**Exercise instructions:**
For this exercise, copy each line of the records that contains the word "singing".

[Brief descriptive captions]
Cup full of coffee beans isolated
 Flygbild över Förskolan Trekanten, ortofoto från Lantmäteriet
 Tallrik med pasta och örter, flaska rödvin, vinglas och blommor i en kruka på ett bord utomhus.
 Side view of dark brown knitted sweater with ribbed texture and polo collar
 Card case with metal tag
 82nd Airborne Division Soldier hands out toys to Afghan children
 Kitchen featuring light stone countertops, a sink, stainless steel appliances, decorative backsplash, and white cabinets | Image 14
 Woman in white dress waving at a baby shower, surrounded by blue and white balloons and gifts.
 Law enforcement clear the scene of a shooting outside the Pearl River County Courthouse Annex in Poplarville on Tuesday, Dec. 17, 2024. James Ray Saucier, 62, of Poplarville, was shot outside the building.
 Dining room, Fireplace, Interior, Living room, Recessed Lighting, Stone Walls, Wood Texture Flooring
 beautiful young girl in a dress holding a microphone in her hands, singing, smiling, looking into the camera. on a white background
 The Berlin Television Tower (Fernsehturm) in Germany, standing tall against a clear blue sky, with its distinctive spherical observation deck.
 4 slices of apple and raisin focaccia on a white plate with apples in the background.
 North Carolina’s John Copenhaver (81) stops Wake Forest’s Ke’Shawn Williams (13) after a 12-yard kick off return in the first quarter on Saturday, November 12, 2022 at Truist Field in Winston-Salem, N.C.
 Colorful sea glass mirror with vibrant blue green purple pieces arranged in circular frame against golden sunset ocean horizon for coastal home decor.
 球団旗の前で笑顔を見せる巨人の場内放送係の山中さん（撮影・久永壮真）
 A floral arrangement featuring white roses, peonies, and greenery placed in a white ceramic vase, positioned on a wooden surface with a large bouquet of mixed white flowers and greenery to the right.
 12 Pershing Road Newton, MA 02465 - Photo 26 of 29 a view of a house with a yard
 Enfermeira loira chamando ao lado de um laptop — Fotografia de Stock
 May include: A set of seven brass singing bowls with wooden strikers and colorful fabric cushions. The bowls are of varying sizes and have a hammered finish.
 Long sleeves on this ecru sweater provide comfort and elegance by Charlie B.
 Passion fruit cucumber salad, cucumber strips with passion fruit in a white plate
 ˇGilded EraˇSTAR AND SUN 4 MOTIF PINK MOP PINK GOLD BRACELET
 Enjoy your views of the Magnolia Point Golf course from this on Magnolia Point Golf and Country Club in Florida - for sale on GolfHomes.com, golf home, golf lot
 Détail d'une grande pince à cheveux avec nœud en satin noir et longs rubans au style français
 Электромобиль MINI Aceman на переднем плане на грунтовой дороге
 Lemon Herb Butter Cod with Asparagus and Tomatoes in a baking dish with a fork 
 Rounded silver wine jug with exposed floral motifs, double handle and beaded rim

**Response below:**
 beautiful young girl in a dress holding a microphone in her hands, singing, smiling, looking into the camera. on a white background
 May include: A set of seven brass singing bowls with wooden strikers and colorful fabric cushions. The bowls are of varying sizes and have a hammered finish.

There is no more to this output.